◆ **What the exercise asks**
Copy exactly the lines of the records below, and only those lines, beginning with the line that contains "Toyota MR2 car poster" and ending with the line that contains "Tizon Lumbre Carne".

◆ **Data for processing**
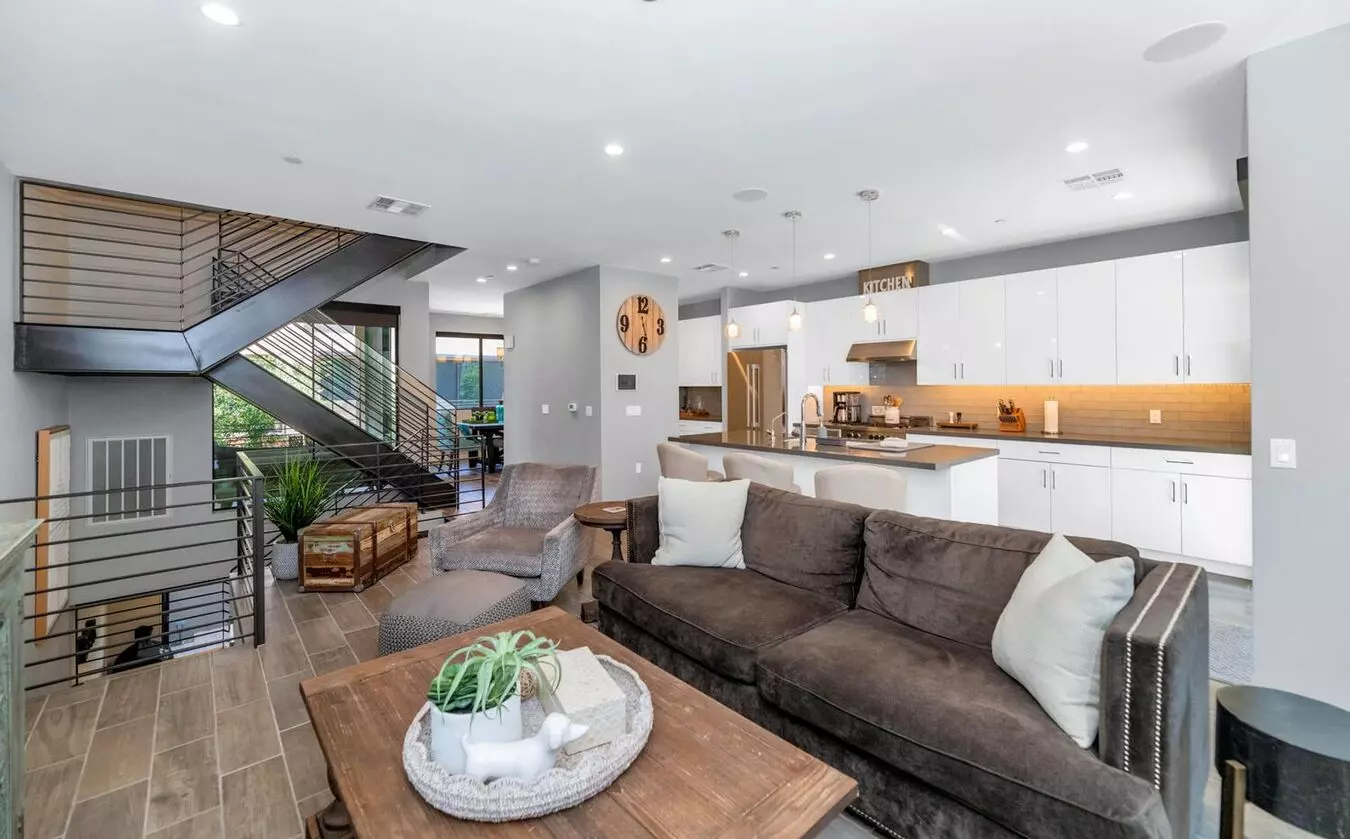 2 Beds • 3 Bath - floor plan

--

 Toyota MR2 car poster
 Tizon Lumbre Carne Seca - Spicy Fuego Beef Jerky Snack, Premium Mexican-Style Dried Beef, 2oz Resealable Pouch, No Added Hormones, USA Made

◆ **Completed task**
 Toyota MR2 car poster
 Tizon Lumbre Carne Seca - Spicy Fuego Beef Jerky Snack, Premium Mexican-Style Dried Beef, 2oz Resealable Pouch, No Added Hormones, USA Made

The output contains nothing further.